こんなこともあった。
私がとても恩義を感じ、尊敬していたある人物のために、麻雀の賭場を開いて汚い手口で荒稼ぎしていた新興のヤクザ組織に、麻雀で闘いを挑んだことがあった。
場に出てきた相手方の打ち手は、2人の裏プロだった。こちらについているのは、私の同僚でそこそこ麻雀が打てる素人だった。
相手の裏プロはグルだった。1人は賭場を開いている金バッジをつけたヤクザ組織の幹部、もう1人は雀クマ(雀荘を転々とし、素人を食い物にして稼ぐ裏プロ)。予想していたことだが、彼らはお互いにサインを送り合うなど裏の手を露骨に使ってくる。
だが、そんなことはおかまいなしに、流れをつかんだ私は2回戦でトップになり、5回戦までその座を渡すことはなかった。
5回戦が終わった段階でこのままでは負けてしまうと思ったのだろう、険しい顔をした2人組は休憩を取ろうというなり立ち上がり、私を強引に地下の倉庫に連れ込んだ。
そこには金バッジの兄貴分と思われる男がいた。
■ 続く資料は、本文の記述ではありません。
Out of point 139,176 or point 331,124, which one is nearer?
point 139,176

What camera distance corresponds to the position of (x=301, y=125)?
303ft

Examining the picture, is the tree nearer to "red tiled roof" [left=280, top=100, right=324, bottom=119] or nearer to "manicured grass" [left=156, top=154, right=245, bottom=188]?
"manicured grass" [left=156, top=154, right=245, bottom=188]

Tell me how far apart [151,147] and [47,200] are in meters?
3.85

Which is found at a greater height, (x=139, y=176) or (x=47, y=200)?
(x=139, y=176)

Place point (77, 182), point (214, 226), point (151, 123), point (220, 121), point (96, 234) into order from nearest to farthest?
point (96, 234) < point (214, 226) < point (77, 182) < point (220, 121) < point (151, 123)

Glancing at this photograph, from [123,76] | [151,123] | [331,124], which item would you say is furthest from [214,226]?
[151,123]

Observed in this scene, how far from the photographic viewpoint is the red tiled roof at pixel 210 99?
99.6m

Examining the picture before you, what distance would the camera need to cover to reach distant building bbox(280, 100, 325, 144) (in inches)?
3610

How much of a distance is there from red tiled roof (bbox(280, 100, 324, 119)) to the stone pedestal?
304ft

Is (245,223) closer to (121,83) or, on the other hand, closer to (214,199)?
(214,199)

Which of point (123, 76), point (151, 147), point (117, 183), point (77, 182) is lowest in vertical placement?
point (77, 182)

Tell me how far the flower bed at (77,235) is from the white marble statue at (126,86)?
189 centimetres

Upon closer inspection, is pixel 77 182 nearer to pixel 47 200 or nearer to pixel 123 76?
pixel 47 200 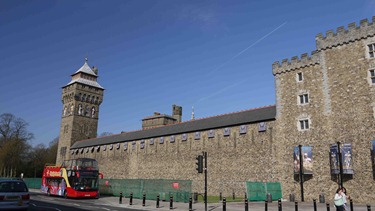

金バッジは「お前、クマ公だろ!」とすごみながら、日本刀を私の頬に当ててきた。
「生きて帰りたいなら負けろ。勝ったら殺す」
そういわれても動じない私を見て、一層興奮した金バッジが、いきなり私の左手小指を思い切りねじりあげた。
激痛が走った私は「この野郎!」とばかり、金バッジにつかみかかろうとしたが、日本刀を頬にぐいっと押し付けられた。兄貴分は「わかったな」という目で私を威嚇し、「次は指一本じゃすまねえぞ」と捨てゼリフを吐いて倉庫から出て行った。
そんな状況の中で6回戦が始まった。指はずきずきと痛み出し、両手を使っての積み込みはとてもできる状態ではなかった。
だが、脅されても私の腹は決まっていた。汚い手を使った連中に負けるくらいなら死んだほうがましだと。中断を挟んでも、勝負の流れは変わっていなかった。
そのとき、突然チクリと背中に痛みが走った。どうやら背中に日本刀の切っ先を突きつけられたのだ。それでも私は構わず打ち続けた。
8回戦に入り、私がツモ和りしたとき、我慢もここまでと金バッジが私の背後にいる男に鋭く目配せした。一緒に卓を囲んでいた私の同僚が、驚いたように後ろに飛びのいた。